**** RECORDS SUPPLIED

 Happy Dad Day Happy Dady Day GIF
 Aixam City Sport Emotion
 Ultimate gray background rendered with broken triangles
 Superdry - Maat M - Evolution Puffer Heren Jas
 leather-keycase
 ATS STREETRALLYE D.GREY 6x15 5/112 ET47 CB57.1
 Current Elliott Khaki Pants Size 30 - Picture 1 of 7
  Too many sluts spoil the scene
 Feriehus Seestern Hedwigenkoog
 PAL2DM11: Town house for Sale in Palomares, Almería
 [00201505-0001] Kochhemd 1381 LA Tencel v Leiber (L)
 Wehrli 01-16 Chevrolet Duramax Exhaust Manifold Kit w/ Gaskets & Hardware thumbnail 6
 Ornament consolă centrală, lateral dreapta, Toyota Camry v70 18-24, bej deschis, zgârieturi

********
**** RECORDS SUPPLIED

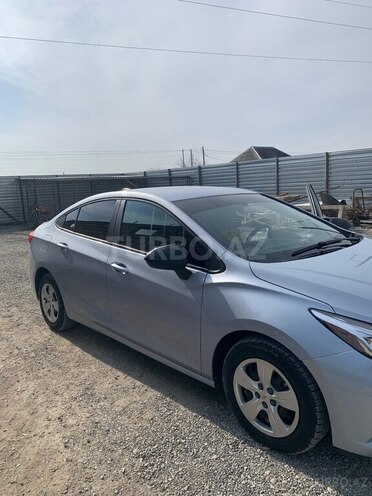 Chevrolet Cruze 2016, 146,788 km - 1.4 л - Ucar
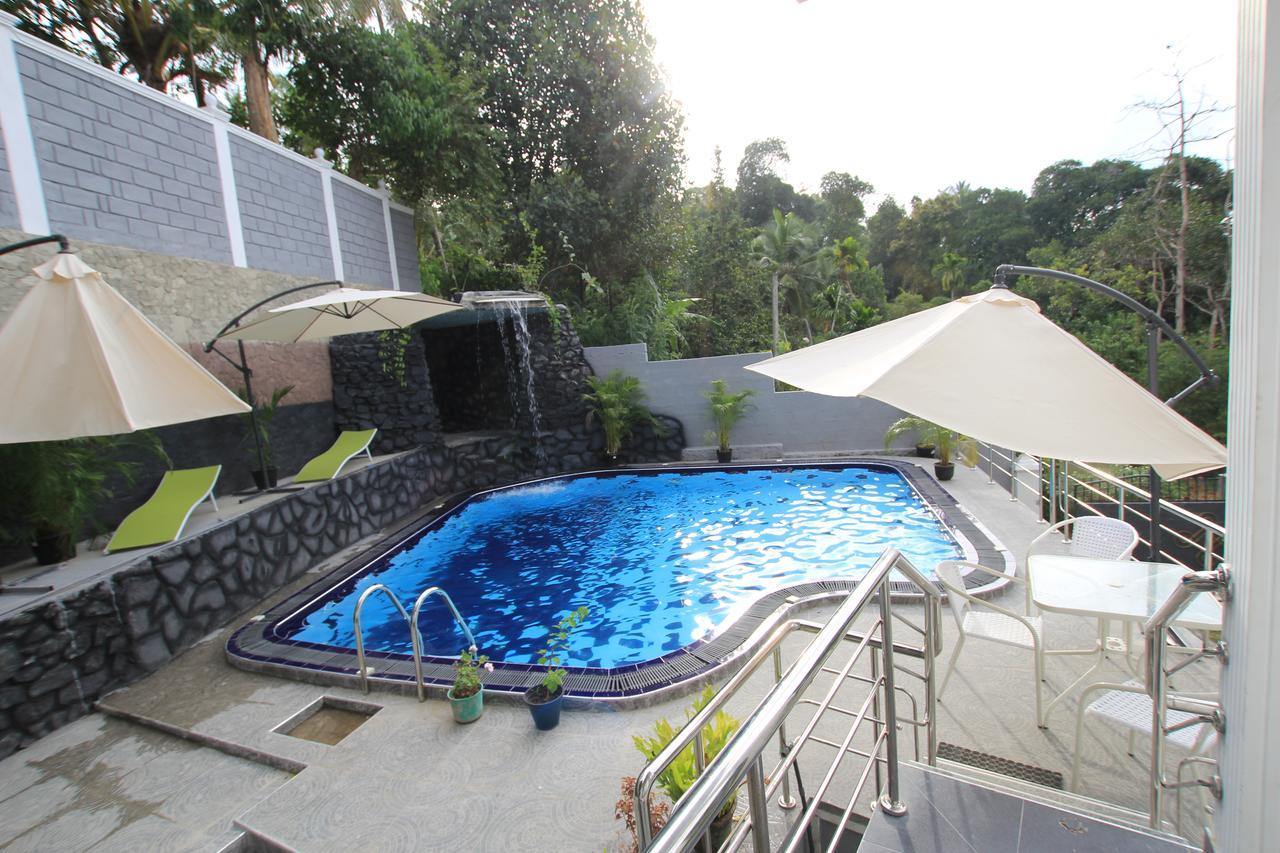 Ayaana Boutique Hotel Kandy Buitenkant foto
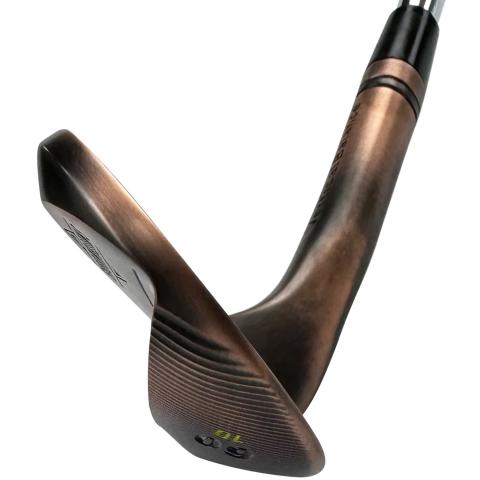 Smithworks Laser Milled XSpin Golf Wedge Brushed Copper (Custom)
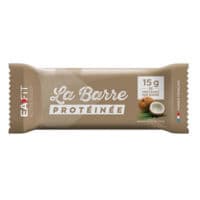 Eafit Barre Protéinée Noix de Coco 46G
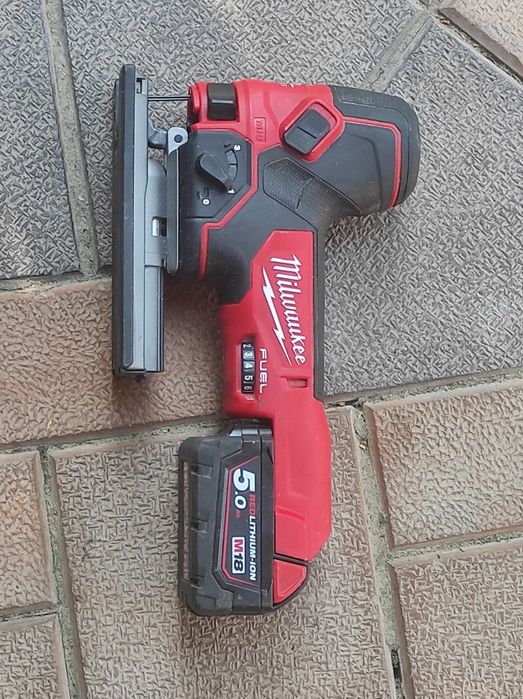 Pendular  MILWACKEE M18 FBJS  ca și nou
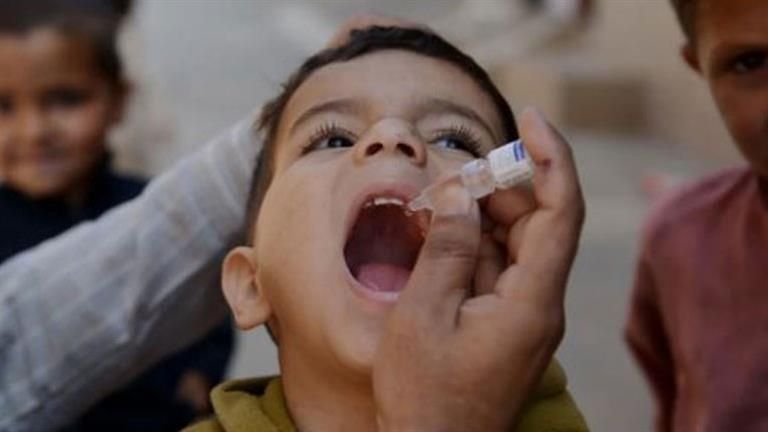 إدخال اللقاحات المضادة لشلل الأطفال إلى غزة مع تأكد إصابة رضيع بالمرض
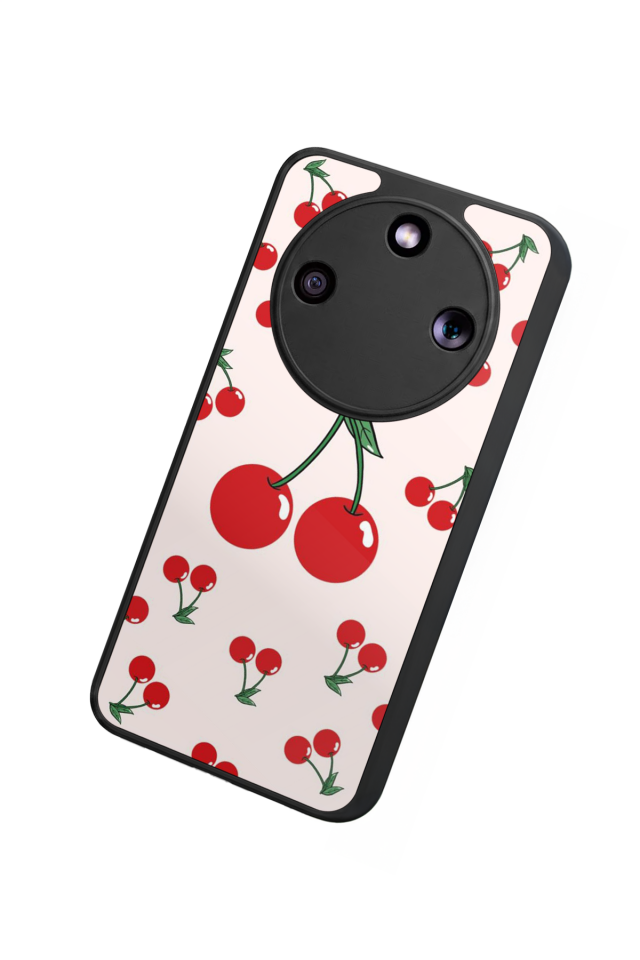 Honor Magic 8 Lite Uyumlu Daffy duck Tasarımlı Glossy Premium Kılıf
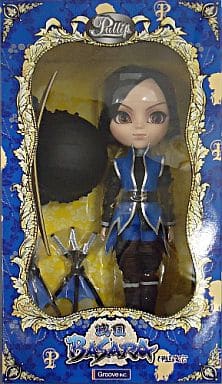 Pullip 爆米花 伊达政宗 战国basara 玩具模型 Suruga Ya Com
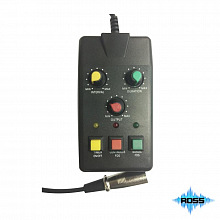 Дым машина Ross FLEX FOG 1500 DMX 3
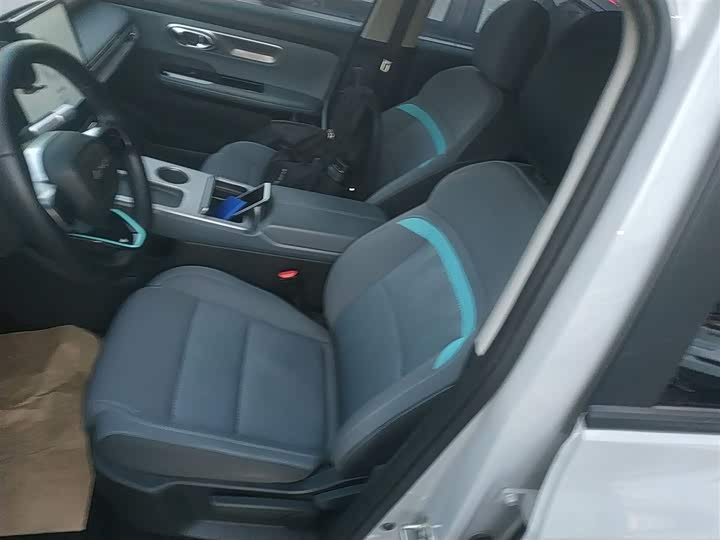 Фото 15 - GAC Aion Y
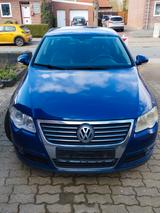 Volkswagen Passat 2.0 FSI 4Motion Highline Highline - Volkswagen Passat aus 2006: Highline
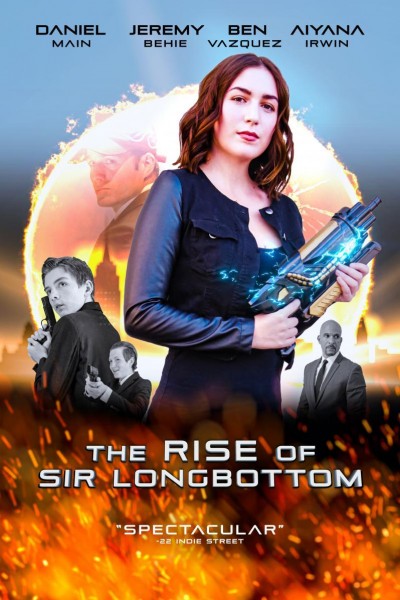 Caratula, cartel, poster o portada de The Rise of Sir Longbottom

********

YOUR GOAL> Your output should be the lines above from the one that contains "Фото 15 - GAC Aion Y" through the one that contains "Caratula, cartel, poster", word for word, with pictures left out.

REPLY>
 Фото 15 - GAC Aion Y
 Volkswagen Passat 2.0 FSI 4Motion Highline Highline - Volkswagen Passat aus 2006: Highline
 Caratula, cartel, poster o portada de The Rise of Sir Longbottom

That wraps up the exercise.